WORK TO COMPLETE —
Extract the line that contains "this 250×188 image." and every line after it through the end of the records below, exactly as written, leaving out any pictures.
⟨
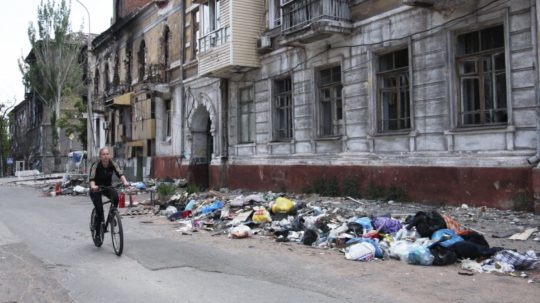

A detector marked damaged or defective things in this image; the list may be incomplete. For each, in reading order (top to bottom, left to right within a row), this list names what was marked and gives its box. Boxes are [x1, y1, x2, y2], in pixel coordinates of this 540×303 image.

broken window [238, 86, 255, 144]
broken window [272, 78, 294, 141]
damaged building [94, 0, 540, 211]
broken window [318, 67, 344, 138]
broken window [378, 48, 412, 132]
broken window [456, 24, 506, 127]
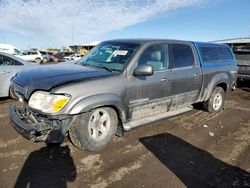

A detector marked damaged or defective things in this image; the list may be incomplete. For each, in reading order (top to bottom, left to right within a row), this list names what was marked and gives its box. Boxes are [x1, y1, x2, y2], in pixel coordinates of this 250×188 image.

damaged front bumper [8, 104, 73, 142]
damaged front end [8, 103, 73, 143]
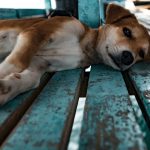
⟩
THE COMPLETED TASK —
A detector marked damaged or defective things in this image; the list may be incomplete. For each, in reading order (top to bottom, left to right within a row), this list names what was marked and gives its box. Boxes are [x1, y1, x2, y2], in pixel coordinates of this 250×188 image.

damaged front bumper [8, 104, 73, 142]
damaged front end [8, 103, 73, 143]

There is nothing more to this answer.